Streetlight Records is also selling stereo equipment, particularly turntables. Streetlight’s Brodsky says that people are not exactly flocking to equipment to the degree that they are turning to vinyl records, but there is an uptick in interest.

“The audiophile culture has made some inroads,” she says. “When you go a step further and start exploring with better equipment and nice speakers and a good pre-amp and a nice stylus on a component turntable, you get hooked.”

Welcome Home

“The renewed interest in vinyl has blown my mind,” says record dealer Gary Saxon. “I never would have believed it in a million years.”

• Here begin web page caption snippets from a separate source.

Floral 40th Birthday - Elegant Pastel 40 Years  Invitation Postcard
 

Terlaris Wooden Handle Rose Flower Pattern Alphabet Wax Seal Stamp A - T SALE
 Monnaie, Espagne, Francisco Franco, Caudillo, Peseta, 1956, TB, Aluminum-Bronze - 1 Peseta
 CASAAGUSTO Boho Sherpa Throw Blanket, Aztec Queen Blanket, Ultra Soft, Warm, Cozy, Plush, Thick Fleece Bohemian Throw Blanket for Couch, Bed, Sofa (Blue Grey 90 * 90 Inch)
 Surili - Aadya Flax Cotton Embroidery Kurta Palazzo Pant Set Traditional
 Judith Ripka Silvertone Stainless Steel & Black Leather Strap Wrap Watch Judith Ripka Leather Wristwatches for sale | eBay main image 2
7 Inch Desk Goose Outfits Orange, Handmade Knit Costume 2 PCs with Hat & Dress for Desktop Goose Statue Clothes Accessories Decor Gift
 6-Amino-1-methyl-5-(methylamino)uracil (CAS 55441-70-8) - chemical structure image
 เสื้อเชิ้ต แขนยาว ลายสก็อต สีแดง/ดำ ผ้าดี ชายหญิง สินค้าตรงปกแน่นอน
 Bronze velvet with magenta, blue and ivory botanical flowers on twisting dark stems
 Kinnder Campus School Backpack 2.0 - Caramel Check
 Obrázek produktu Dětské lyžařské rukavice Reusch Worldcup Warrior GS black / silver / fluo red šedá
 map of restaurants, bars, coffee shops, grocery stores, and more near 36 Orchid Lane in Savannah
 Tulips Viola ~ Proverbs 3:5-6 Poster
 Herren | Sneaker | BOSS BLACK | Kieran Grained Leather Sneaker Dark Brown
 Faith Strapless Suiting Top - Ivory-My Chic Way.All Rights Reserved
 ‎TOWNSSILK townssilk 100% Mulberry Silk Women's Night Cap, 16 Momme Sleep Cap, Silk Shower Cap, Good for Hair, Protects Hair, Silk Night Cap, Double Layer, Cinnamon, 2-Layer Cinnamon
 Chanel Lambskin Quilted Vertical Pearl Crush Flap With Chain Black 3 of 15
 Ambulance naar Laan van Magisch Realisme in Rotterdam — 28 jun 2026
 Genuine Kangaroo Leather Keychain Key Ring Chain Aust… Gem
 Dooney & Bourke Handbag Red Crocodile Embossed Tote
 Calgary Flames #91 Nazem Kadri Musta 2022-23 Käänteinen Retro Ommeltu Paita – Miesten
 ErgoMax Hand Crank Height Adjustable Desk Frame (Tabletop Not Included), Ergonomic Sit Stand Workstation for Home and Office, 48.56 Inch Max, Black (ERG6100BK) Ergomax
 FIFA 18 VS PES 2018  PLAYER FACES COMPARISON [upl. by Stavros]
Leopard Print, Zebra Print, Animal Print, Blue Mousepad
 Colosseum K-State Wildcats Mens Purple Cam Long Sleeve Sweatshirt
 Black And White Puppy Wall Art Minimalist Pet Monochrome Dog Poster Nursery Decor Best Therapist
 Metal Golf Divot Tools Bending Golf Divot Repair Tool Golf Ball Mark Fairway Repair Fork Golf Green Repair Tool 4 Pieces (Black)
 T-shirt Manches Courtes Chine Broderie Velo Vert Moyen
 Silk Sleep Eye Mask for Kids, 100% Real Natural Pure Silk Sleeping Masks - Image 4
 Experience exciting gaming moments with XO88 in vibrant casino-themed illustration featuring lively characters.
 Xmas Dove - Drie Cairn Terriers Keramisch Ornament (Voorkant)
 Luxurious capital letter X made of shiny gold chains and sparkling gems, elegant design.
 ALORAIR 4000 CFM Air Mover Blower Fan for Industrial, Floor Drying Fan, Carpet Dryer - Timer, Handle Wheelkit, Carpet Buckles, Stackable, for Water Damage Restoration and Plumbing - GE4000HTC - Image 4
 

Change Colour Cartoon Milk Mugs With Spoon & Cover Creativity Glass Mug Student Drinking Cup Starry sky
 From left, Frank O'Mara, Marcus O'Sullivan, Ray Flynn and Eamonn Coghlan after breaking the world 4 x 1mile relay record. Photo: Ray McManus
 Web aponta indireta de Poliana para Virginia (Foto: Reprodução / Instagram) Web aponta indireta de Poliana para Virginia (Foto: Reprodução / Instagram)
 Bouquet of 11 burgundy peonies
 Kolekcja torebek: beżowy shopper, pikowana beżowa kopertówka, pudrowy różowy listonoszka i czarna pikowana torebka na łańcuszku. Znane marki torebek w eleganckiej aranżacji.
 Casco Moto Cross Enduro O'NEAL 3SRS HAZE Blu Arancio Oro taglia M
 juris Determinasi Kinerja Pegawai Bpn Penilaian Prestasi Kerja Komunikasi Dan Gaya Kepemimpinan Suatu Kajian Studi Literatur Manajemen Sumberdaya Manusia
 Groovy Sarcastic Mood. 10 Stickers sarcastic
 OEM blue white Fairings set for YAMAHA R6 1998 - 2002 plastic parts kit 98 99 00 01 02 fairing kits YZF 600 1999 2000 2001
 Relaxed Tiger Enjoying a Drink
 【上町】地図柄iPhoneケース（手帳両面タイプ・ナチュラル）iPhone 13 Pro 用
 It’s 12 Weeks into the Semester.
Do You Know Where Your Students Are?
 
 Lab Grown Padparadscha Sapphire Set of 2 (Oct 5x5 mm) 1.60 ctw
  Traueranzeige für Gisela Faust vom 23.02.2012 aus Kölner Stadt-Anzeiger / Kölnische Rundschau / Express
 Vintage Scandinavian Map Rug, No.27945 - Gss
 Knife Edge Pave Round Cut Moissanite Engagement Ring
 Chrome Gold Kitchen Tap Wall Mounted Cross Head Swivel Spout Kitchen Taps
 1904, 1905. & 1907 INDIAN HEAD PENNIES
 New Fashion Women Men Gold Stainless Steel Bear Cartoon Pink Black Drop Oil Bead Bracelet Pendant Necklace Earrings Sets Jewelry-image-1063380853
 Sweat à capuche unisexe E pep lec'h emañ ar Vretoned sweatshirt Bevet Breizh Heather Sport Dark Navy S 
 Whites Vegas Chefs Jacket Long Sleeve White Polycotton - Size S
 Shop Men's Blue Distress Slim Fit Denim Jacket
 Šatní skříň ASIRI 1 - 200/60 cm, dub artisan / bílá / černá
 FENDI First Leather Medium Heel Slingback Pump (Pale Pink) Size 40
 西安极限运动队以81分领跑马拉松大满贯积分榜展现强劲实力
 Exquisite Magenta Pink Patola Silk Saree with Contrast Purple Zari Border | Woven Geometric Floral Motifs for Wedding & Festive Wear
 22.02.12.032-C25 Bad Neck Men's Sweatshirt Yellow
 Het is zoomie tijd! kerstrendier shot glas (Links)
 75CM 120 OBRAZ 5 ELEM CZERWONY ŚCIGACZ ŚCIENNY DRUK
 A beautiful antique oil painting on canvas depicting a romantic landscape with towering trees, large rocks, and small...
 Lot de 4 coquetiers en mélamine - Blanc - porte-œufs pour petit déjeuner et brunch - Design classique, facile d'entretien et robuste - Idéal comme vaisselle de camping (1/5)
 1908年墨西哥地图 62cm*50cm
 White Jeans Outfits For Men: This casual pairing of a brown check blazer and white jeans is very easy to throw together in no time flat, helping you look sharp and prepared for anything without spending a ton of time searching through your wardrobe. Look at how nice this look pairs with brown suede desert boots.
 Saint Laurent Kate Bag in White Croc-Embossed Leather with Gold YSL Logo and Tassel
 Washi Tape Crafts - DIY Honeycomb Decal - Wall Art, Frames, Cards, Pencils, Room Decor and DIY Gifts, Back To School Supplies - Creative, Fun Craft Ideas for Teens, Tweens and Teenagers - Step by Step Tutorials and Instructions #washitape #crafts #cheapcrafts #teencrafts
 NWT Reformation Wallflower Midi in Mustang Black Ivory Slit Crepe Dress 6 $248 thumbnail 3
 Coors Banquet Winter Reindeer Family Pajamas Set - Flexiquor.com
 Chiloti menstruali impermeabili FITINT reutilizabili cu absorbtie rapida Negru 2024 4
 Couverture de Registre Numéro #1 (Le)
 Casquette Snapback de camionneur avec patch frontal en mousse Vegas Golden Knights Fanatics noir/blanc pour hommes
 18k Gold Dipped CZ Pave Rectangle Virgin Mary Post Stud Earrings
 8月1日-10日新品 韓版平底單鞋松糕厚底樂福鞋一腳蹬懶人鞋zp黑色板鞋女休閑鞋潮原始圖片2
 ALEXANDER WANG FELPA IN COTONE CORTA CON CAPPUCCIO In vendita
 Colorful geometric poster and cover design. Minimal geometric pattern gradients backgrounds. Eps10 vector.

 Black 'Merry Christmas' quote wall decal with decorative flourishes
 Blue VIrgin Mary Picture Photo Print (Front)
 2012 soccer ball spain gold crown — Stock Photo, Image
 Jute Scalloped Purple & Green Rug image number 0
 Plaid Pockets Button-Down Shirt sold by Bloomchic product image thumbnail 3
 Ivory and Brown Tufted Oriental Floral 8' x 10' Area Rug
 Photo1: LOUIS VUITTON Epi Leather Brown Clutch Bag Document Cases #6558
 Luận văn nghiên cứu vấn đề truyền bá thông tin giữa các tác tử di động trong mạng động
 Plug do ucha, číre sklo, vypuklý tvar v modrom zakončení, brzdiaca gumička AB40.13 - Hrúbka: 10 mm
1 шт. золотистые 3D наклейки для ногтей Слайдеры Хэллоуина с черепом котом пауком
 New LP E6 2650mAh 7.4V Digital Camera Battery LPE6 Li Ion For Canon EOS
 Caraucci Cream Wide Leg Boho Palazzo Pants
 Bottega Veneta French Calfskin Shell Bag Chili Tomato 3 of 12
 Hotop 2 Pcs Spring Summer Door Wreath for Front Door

Saxon runs the beloved indie record/pop culture shop called The Record Man in Redwood City. The Record Man is especially well-known for its annual parking lot sale that attracts vinyl collectors from all over the world. For the last four years, Saxon has been struggling with cancer, but he still plans to hold his parking lot sale in October.

He got into the business back in the ’90s when everyone was dumping their LPs for CDs, figuring he could cater to the small cadre of collectors left behind by the digital revolution. Now, 30 years later, he’s happily catering to a flood of new customers, most of them younger fans looking to buy music recorded in vinyl’s golden years: Led Zeppelin, Pink Floyd, Queen.

“When people come in, I always say, ‘Hi, how’s it going? You ever been here before?’ Now, every single day, someone will say, ‘No, I haven’t.’ New people are coming into the story every day. That didn’t happen before now. So now I just say, ‘Welcome. We’ve been waiting for you.'”

Charlie Swanson and Nick Veronin contributed to this story.